Eventually, in March 2004, the CI met Douglas and Hawkesworth in Barbados at Hawkesworth’s home in Bridgetown and they sold the CI two kilogrammes of cocaine, which the defendants knew were to be transported to New York. The CI paid some money for the cocaine but did not pay the full amount requested, the US said in its case. In April 2004, the CI discussed with Hawkesworth and Douglas about why he was not able to pay all the money he owed them for the two kilogrammes, but according to the US, in reality, the DEA had no money to spare. Hawkesworth eventually told the CI to call his ‘buddy’ because “the man is cursing me….”

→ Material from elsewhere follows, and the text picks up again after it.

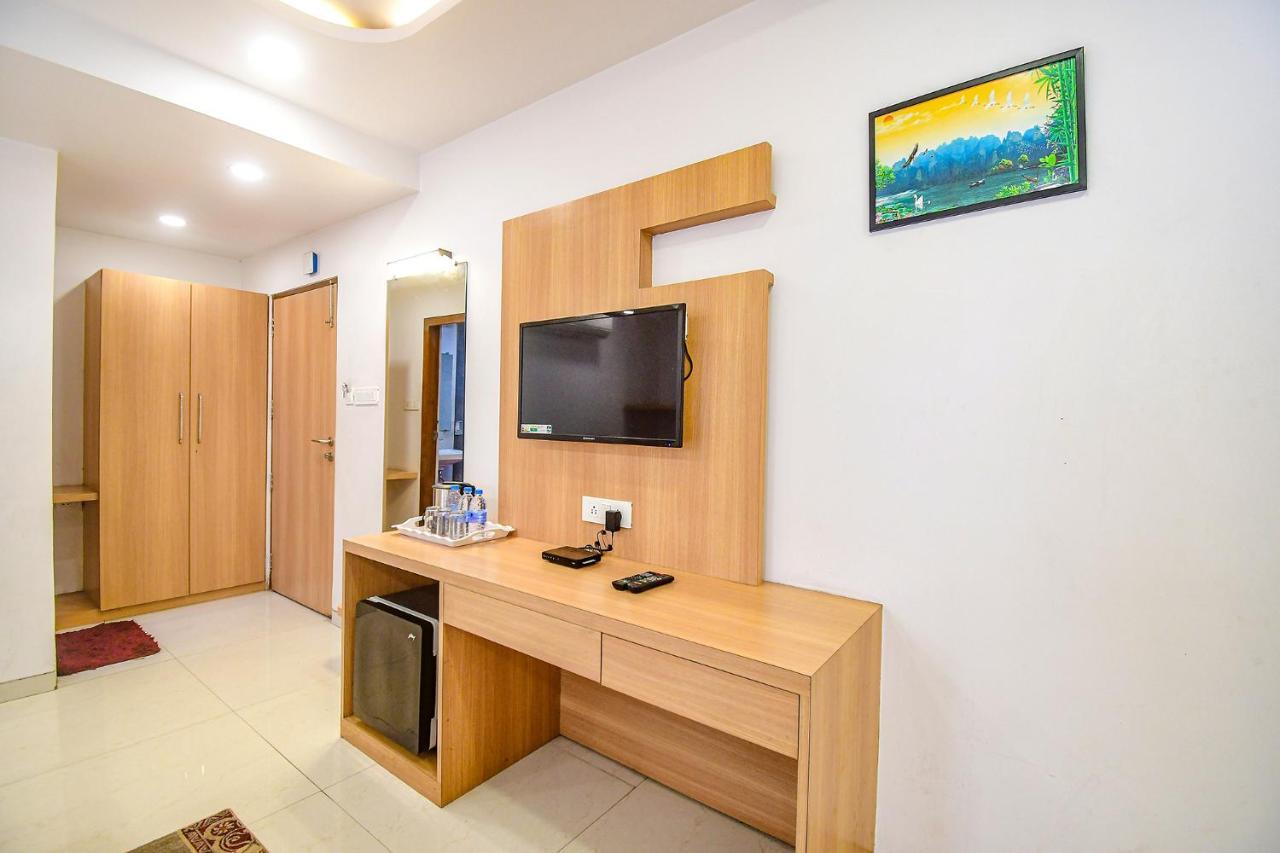 FabHotel Stay Inn International Kalkutta Exterior foto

The US said its case against Douglas was based almost solely on the informant’s testimony, as corroborated by several recorded telephone calls with Douglas and the codefendant Hawkesworth, along with several recorded face-to-face meetings with Hawkesworth in which Douglas was discussed.

Some of the recorded telephone calls and recorded meetings were hard to hear, though some were audible, the US said in its case, adding that the DEA agents were unable to see the informant meeting Douglas, although two agents did observe a courier deliver the two kilogrammes of cocaine to the informant. The US added that the CI was a paid informant, who has been doing the job since 1999 and has been paid about $250,000 during the course of his service as an informant. The US further noted that the CI was shot while working on a case in the Caribbean, and the DEA paid for his medical treatment.

The CI has a prior felony conviction for robbery, for which he served about four years. He has denied ever being involved in drug trafficking. However, he was a potential witness in a United States prosecution against Charles Miller, his cousin, which occurred in Miami in about 2000.

Additionally, the US noted in its case that Douglas had moved to Canada from Guyana in the early 1990s. In 1994, he was charged in Canada with conspiracy to import cocaine. His trial started on February 20, 1997 and concluded on March 26, 1997 with a jury verdict of guilty. He was in custody from the time of his arrest in February 1994 and remained in custody until about 2001.

 On July 8, 1997, he was sentenced to 13 years. He appealed the case and his conviction and sentence were overturned. The crown prosecutor had the option to retry him, but instead Douglas was deported to Guyana after serving about seven years in total.

He apparently returned to Guyana where he lived with his family, the US said in the background of its case, noting that he had been back in Guyana less than three years when he came to the attention of the DEA and its informant in the fall of 2003.

The US stated that in the investigation of the Canadian case and the instant one in New York, agents from Canada and the DEA travelled to Guyana and observed Douglas’s home, which was described as “comfortable but not lavish in what would amount to a middle-class neighbourhood”.

According to the US case, on one occasion when Douglas travelled to Barbados to meet the CI, undercover Barbados police officers observed him, his wife, a teenage son, and a teenage daughter at the home of codefendant Hawkesworth. Douglas was observed playing cricket with his teenage son.